Crowd for CSNY tktsAmalie R. Rothschild A huge crowd formed around the Fillmore East in May 1970 when tickets went on sale for Crosby, Stills, Nash and Young.

The push to preserve blocks of the neighborhood through a landmark district has, not surprisingly, led to a lot of conversations about the history of the area. The proposed district covers roughly six blocks, and perhaps no property within the tract has hosted more important figures in American culture than the former Fillmore East building at 105 Second Avenue.

Now, the entrance to the building is an Emigrant Savings Bank, and the 2,600-seat theater has been replaced with an apartment building. But the Fillmore’s three-year existence had a lasting impact culturally; Jimi Hendrix, Joe Cocker and Miles Davis all recorded well-regarded live albums there. The Who played their rock opera, “Tommy” in its entirety for the first time in the United States in 1969 at the Fillmore East. And the first rock concert to be broadcast on television was taped there in 1970.

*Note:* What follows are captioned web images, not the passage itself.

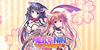 NEKO NIN exHeart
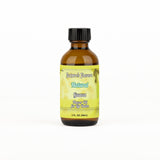 Guava Flavor Oil for Lip Balm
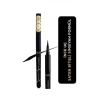 Loreal Paris Perfect Slim By Superliner Siyah Eyeliner - 01 İntense Black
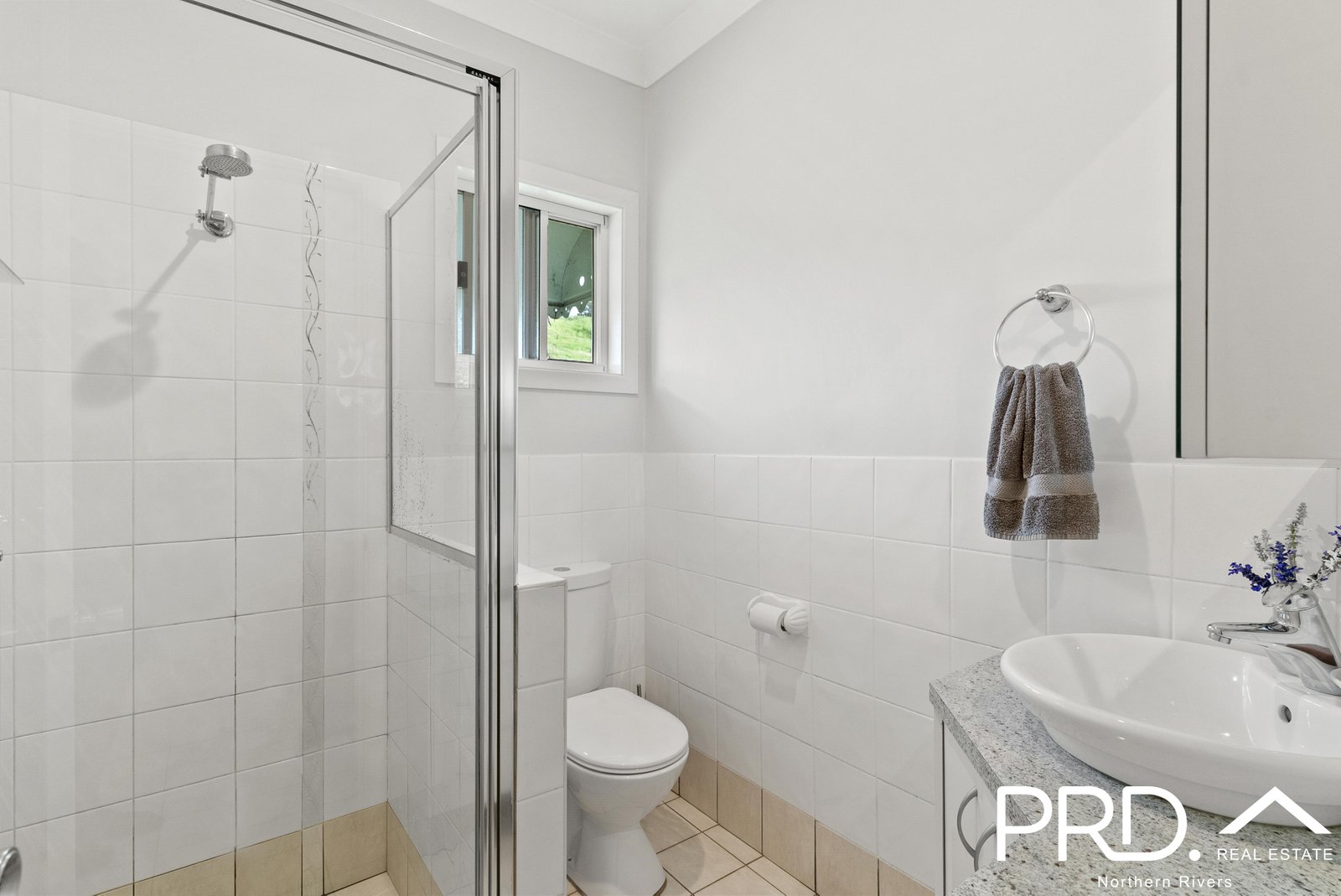 1139 Wiangaree Back Road KYOGLE 25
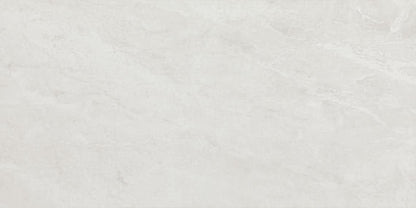 Artsy Breccia Onyx Rectangle 12X24 Matte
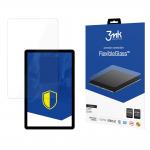 Folie sticla 3mk FlexibleGlass compatibila cu Xiamo Redmi Pad, 10.61 inch, Transparent 2 - lerato.ro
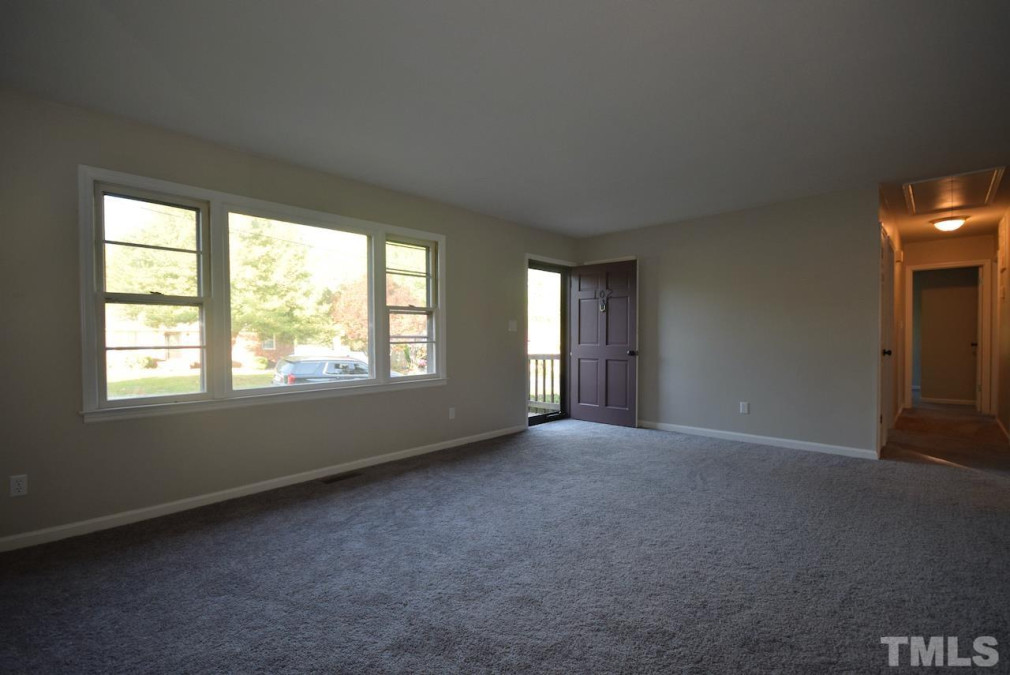 102 Walker, Mebane, NC 27302 Raleigh Realty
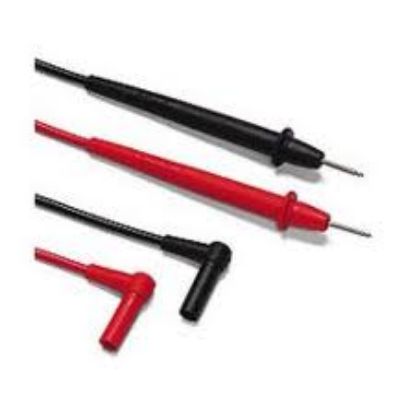 Afbeelding - 1210-7181480-jpg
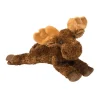 Best Max Moose Wildlife
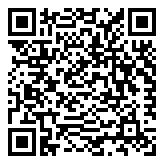 Scan QR Code for live pricing and information - Heritage Stripe Men's Boxers 2 Pack in Denim, Size Medium by PUMA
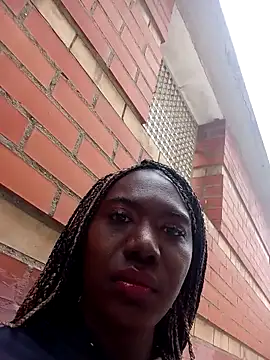 Snapshot of blackhotpartyts chatting on October 19, 2025, 4:10 pm blackhotpartyts online show from October 19, 2025, 4:10 pm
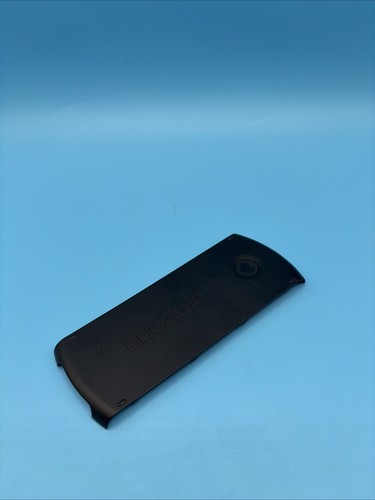 Emporia simplicity v27 - emporia,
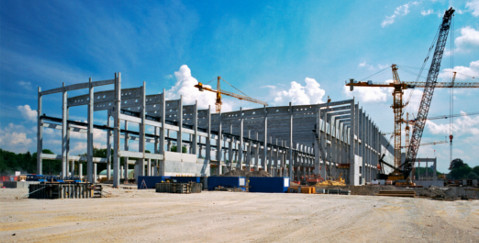 Construction Lawyers - VWV Law Firm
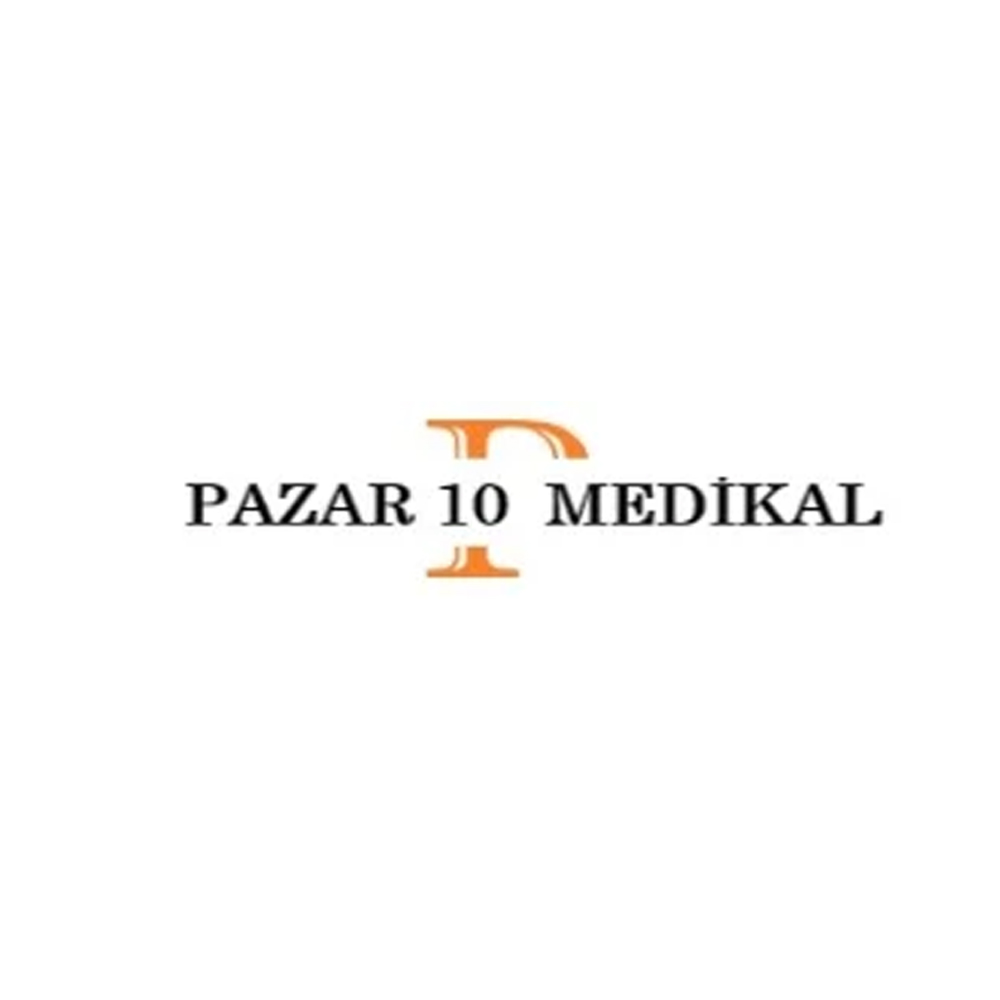 Pazar10 Genel Amaçlı Döküntü Kitleri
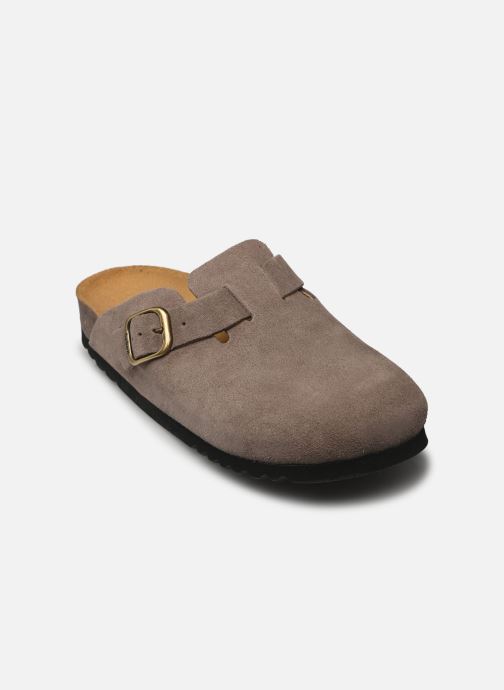 Chaussons FAE COLLECTION - Scholl - Modalova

But the Fillmore’s impact went beyond the performers onstage. Numerous technological innovations during the theater’s short existence were adopted at concert venues across the country.

“I was blown away by what a creative, experimental theater environment there was at the Fillmore East,” said Amalie R. Rothschild, a photographer who was among the many NYU students who landed dream jobs at the Fillmore when it opened in 1968. “It was a real place to do real things. The students had a live laboratory within which to work.”